Many benchmarks focus on intangible measurements, analyzing the relationship between compression speed and ratio without providing intuition as to their real-world benefits.
(Notable improvements are the LZ4 benchmark and Squash, but they are either not as extensive or not as focused as this article.)
This benchmark aims to bridge that gap, while comparing the most widely deployed compression schemes in the world.
The motivation for compressing data mostly falls within three categories:
You wish to reduce disk, memory or network data use. For instance, you are a package distribution service, or store lots of logs or files. What you want to maximize then is compression ratio: how big a megabyte of compressed data is, once uncompressed. For instance, a ratio of 3 means that a 1 MB zip on disk stores 3 MB of content, effectively tripling the amount of disk space.
The winner there is Lzip, closely followed by XZ.
(Lzip and XZ contain the same compression algorithm, LZMA, which relies on range encoding, a derivative of arithmetic coding, a compute-intensive method that has very high compression power.)
Of course, storage costs may need to be balanced against CPU costs of running compression. The faster the compression, the lower the CPU cost.
Assuming we have a constraint on both parameters computed as a linear combination, it is representable as a line on the plot that “falls” from the top right. If disk space is more important, the line will be closer to the horizontal; if CPU is more relevant, it will be more vertical. (That said, storage costs usually dominate.)
A line that is going up is not optimal, so all positive slopes can be discarded. If you imagine that line starting horizontal at the top, and slowly sloping down, it will come into contact with various compressors, until it reaches a vertical state.
That creates a convex hull around the compressors, corresponding to the best choices for all weighted compromises between storage and CPU costs.
You want fast downloads. For instance, you serve assets for a website. To truly shine there, you need to have previously compressed the files to disk once. The time needed to get the file loaded from the server to your client is the sum of two pieces: first, you need to transfer the compressed zip, then the client needs to extract it.
Your hope is that the time won by transfering less bytes will more than make up for the time lost by extracting them.

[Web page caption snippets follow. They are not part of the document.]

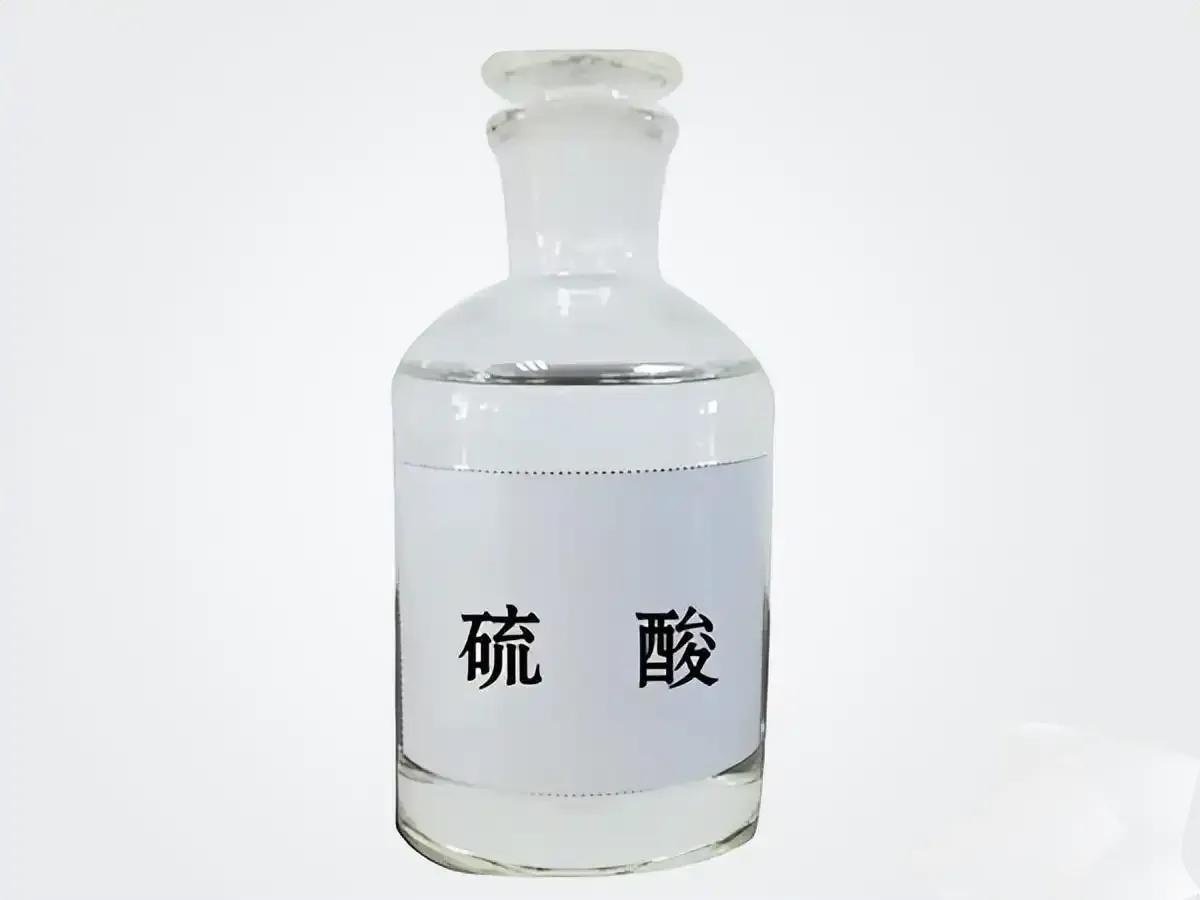 Sulphuric Acid CAS#7664-93-9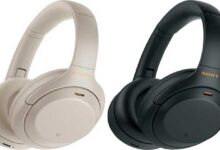 هدفون سونی WH-1000XM4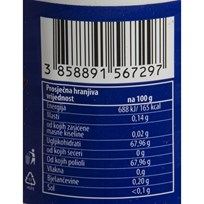 ŽVAKAČA GUMA TOP GUM PEPERMINT 63g ULTRA
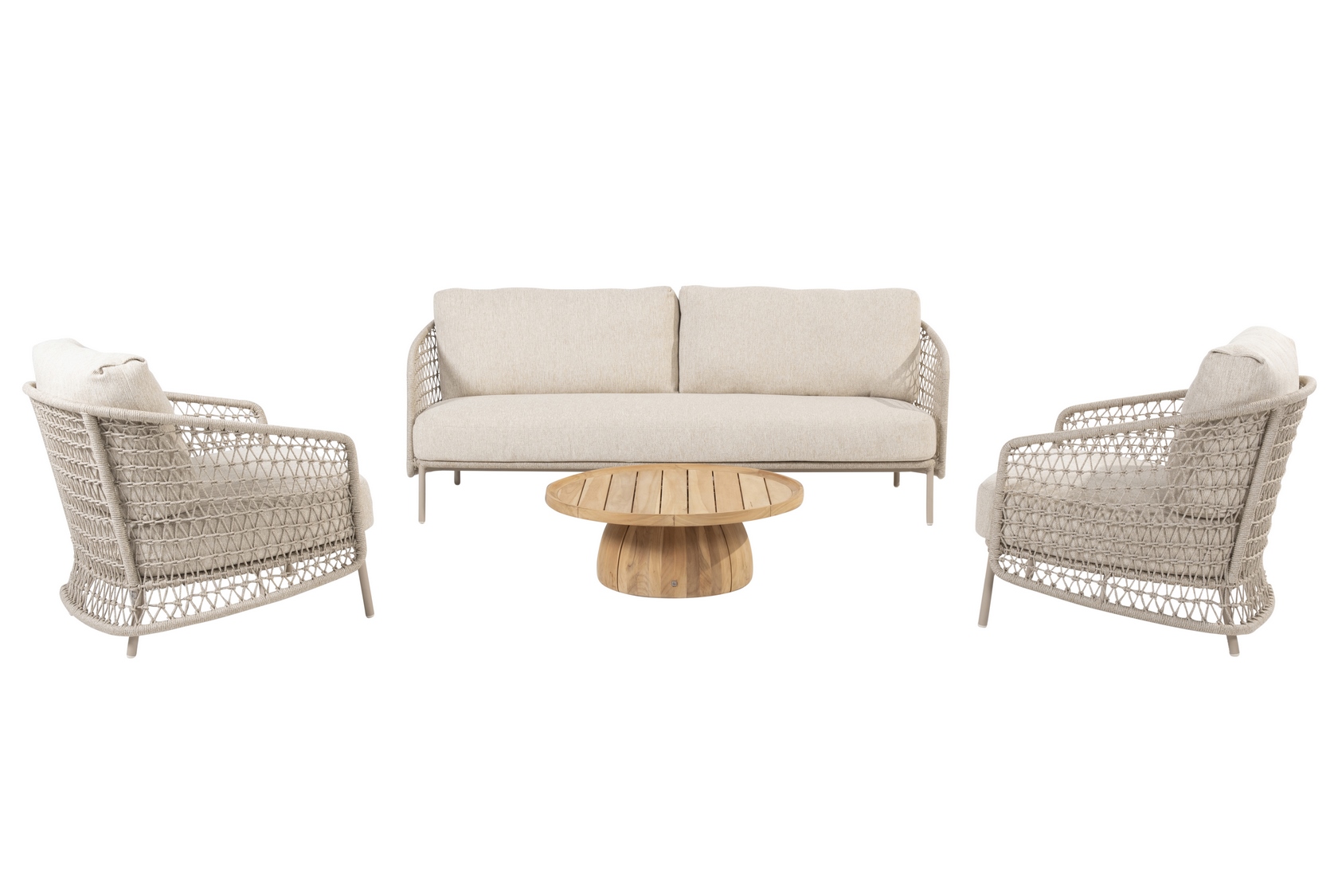 4 Seasons Outdoor Puccini Loungeset 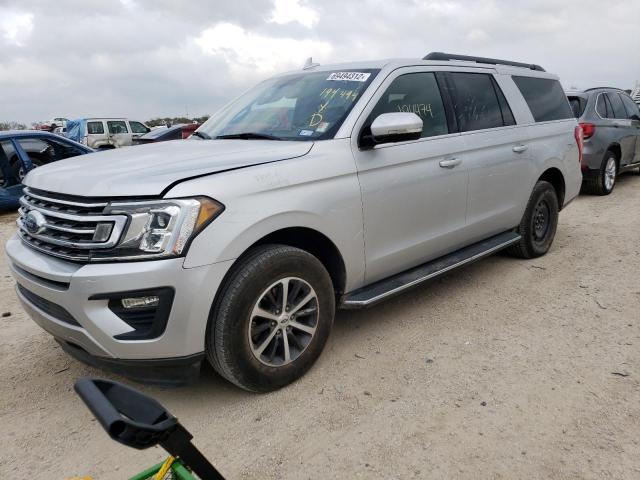 Photo 1 from auction – 2018 FORD EXPEDITION with VIN 1FMJK1HT2JEA11942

Transfer 1 MB of raw data at 1 MB/s
┌───────────────────────────────────────────┐
└───────────────────────────────────────────┘
└──────────────── 1 second ─────────────────┘
Transfer (1÷ratio) MB Extract 1 MB
┌───────────────────────┬──────────────┐
└───────────────────────┴──────────────┘
└──────── 203 ms ───────┴──── 3 ms ────┘
Usually, for a given algorithm, the decompression speed (the number of megabytes decompressed every second) is the same regardless of the compression level (ie, how viciously the compressor tried to reduce the size of the file). So the extraction time is a constant of the raw data size.
Therefore, you always get linearly higher download speeds with higher compression levels. You want to compare compression software only between the flags that yield the highest ratio.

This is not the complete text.